**Try it**: Print exactly the first lines of the records. Stop after the line containing "When you open", and leave every picture out.

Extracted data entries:
=== Begin Enclosure ===

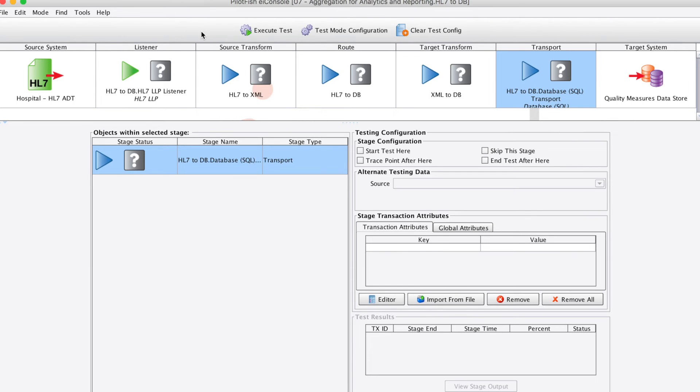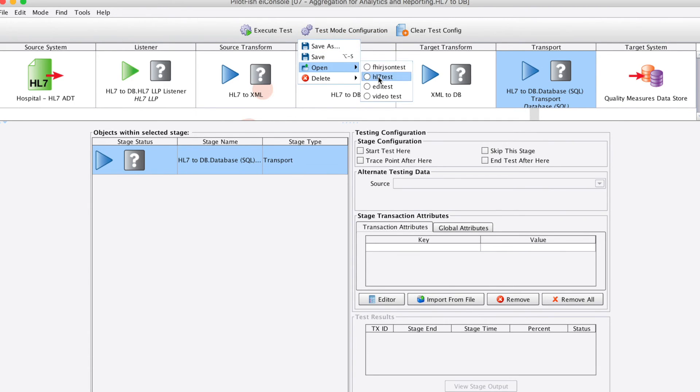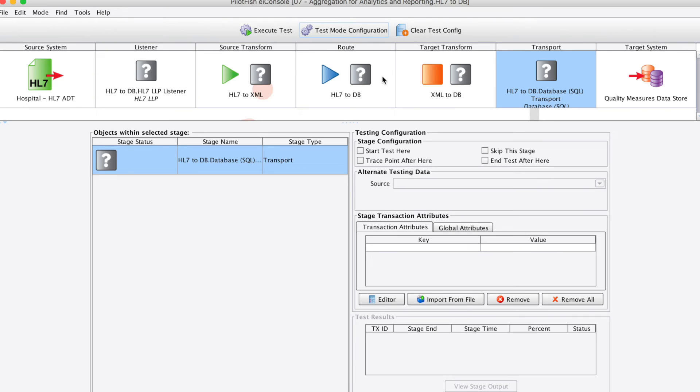In this case, we'll use a pre-saved configured test that we are using because we're not actively listening on a TCP port for an HL7 stream. This pre-saved test will start after the listener stage and we'll feed it a sample file. Once we hit execute test, you will see the question marks turn to green check marks.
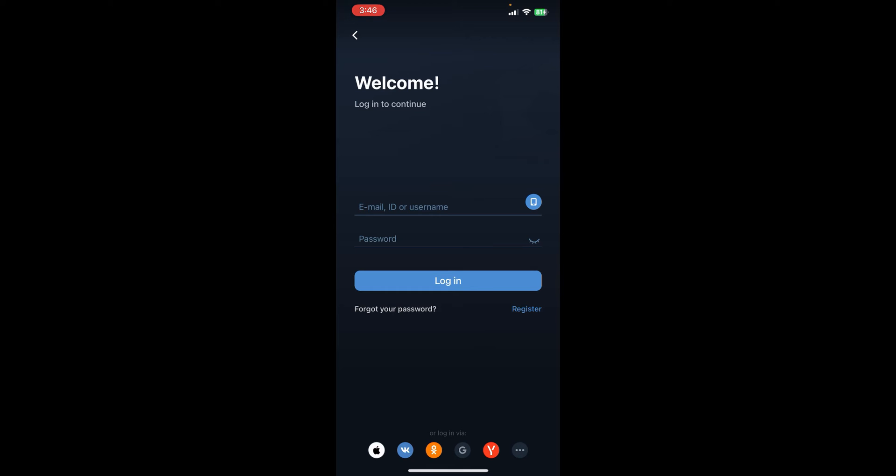On the official login page of 1xBet, you can see the 'Forget your password' option. Just click there and you'll proceed to the password recovery section.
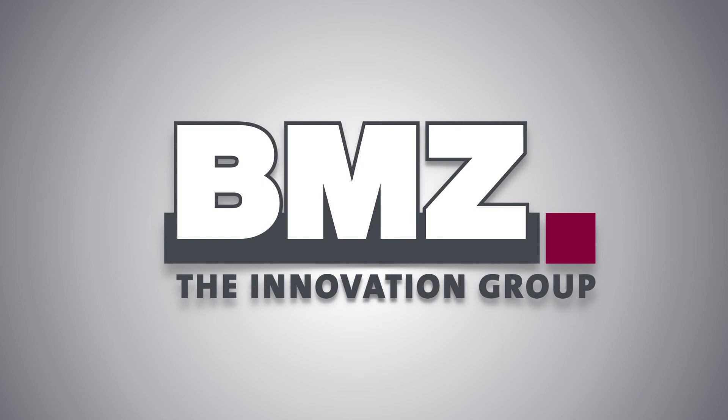BMZ, the innovation group, a global player in lithium-ion technology.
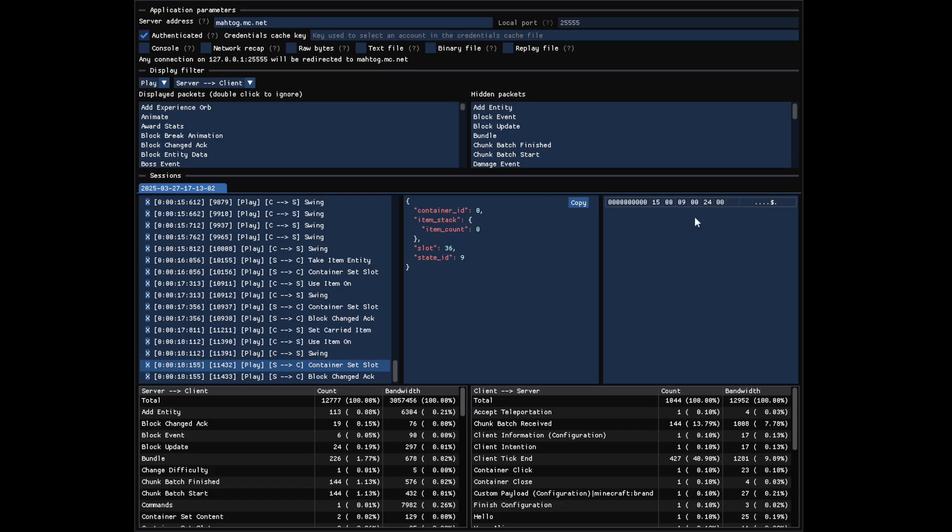At the moment, this mapping between the JSON representation and the bytes does work for most of the data types, but not yet for very complex ones such as NBT data. But you still get all the data and all the bytes, it's just the mapping that's not perfect.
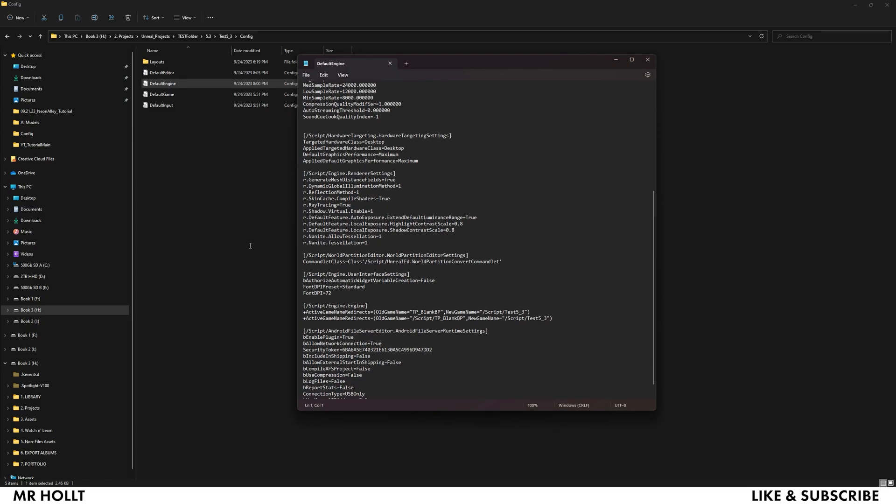You're going to want to go down to right here where it says Render Settings and you want to add these two in: r.Nanite.AllowTessellation=1 and then r.Nanite.Tessellation=1. I will have both of these written out in the description. All you have to do is copy and paste it and you're ready to go.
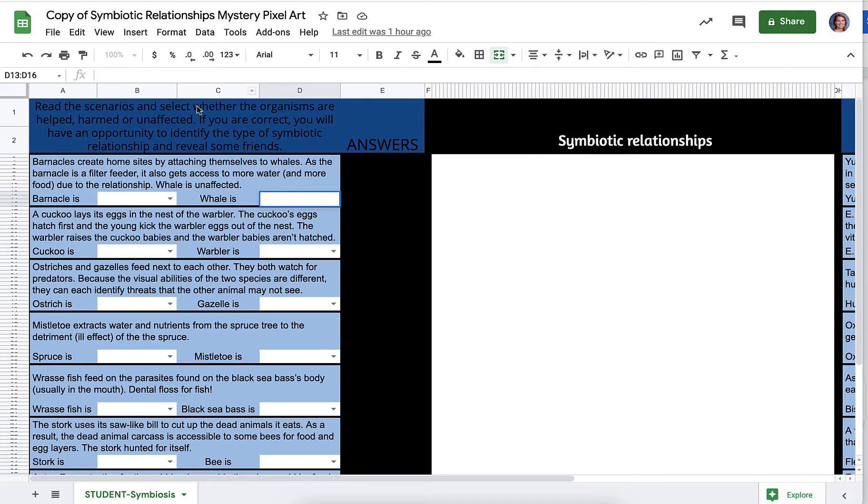So you're going to read the scenarios, select whether the organism is helped, harmed, or unaffected, and then if you're correct, you'll see that there's a white box that'll pop up and you're going to want to type the correct answer to reveal the picture.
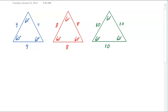Hello geometry students. Today's learning target is to talk about special 30-60-90 triangles. Before we do that, let's take a look at the three equilateral triangles on the screen. We have a blue equilateral triangle with side length 4, a red equilateral triangle with side length 8, and a green equilateral triangle with a side length of 10.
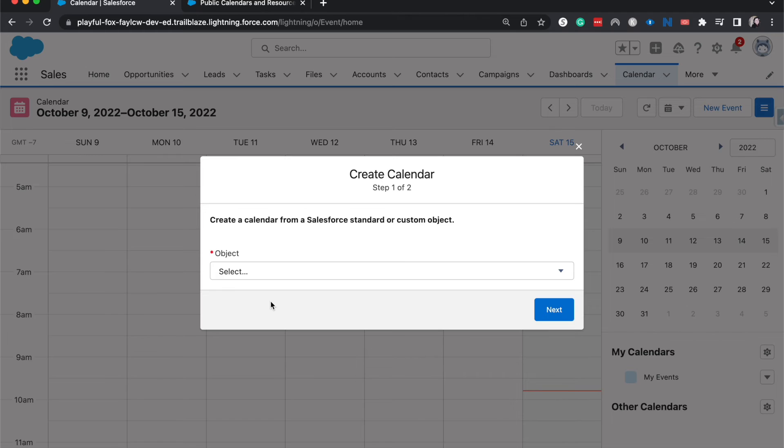But the calendars should be there to help you schedule out things and make sure that the whole company is on the same page.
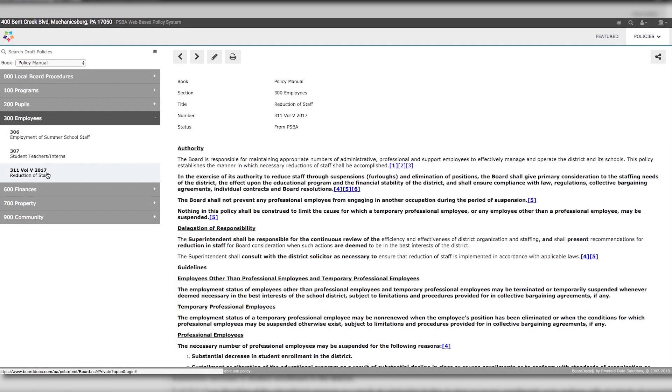When you open that section of your draft policies, you will see the PSBA Policy Guide listed. You will know it's a PSBA Policy Guide because the volume number and year is included with the number, and the status will say, From PSBA.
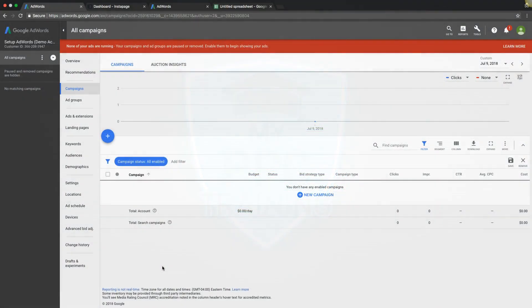Hey guys, Rob from MyPPCTraining.com. In today's video, I'm going to go through an entire Google Ads tutorial for beginners - how to build your first AdWords or Google Ads, newly called Search Campaign.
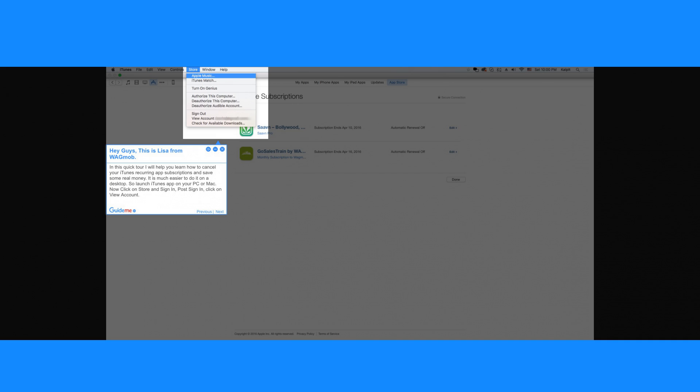It is much easier to do it on a desktop. So launch iTunes app on your PC or Mac.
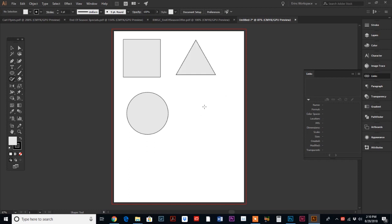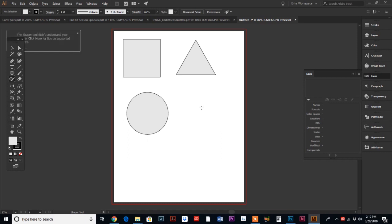But here's the thing — I wish that it would make like a heart. But watch, when I try to make a heart, it doesn't do it. Because if you see this message up here in the left-hand corner, the Shaper tool can't understand it. So on one hand, I think it's cool that Illustrator can do that. But on the other hand, I can draw a triangle in less time than it would take me to actually select the Shaper tool.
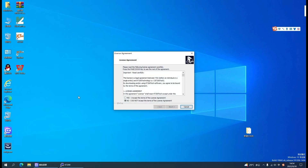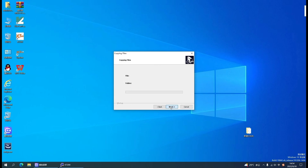Select Yes in the license agreement, click Next, and select Finish after the loading is complete.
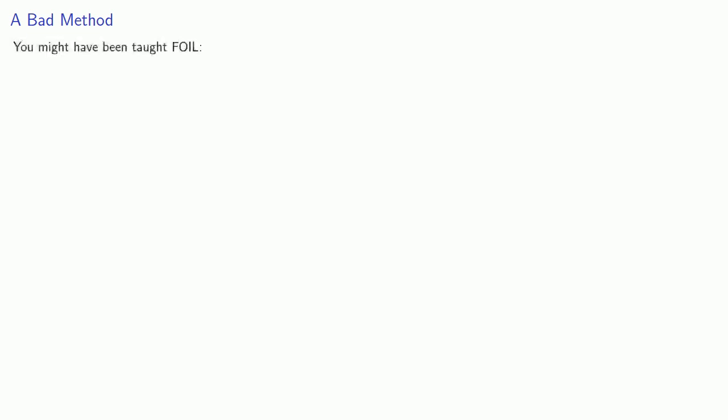Here is a bad method of multiplying polynomials. You might have been taught something called FOIL. The idea here is that if I have a product like (x + a)(x + b), in order to perform this multiplication of every term in the first factor by every term in the second factor...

=== End Enclosure ===

**Task result**:
In this case, we'll use a pre-saved configured test that we are using because we're not actively listening on a TCP port for an HL7 stream. This pre-saved test will start after the listener stage and we'll feed it a sample file. Once we hit execute test, you will see the question marks turn to green check marks.
On the official login page of 1xBet, you can see the 'Forget your password' option. Just click there and you'll proceed to the password recovery section.
BMZ, the innovation group, a global player in lithium-ion technology.
At the moment, this mapping between the JSON representation and the bytes does work for most of the data types, but not yet for very complex ones such as NBT data. But you still get all the data and all the bytes, it's just the mapping that's not perfect.
You're going to want to go down to right here where it says Render Settings and you want to add these two in: r.Nanite.AllowTessellation=1 and then r.Nanite.Tessellation=1. I will have both of these written out in the description. All you have to do is copy and paste it and you're ready to go.
So you're going to read the scenarios, select whether the organism is helped, harmed, or unaffected, and then if you're correct, you'll see that there's a white box that'll pop up and you're going to want to type the correct answer to reveal the picture.
Hello geometry students. Today's learning target is to talk about special 30-60-90 triangles. Before we do that, let's take a look at the three equilateral triangles on the screen. We have a blue equilateral triangle with side length 4, a red equilateral triangle with side length 8, and a green equilateral triangle with a side length of 10.
But the calendars should be there to help you schedule out things and make sure that the whole company is on the same page.
When you open that section of your draft policies, you will see the PSBA Policy Guide listed. You will know it's a PSBA Policy Guide because the volume number and year is included with the number, and the status will say, From PSBA.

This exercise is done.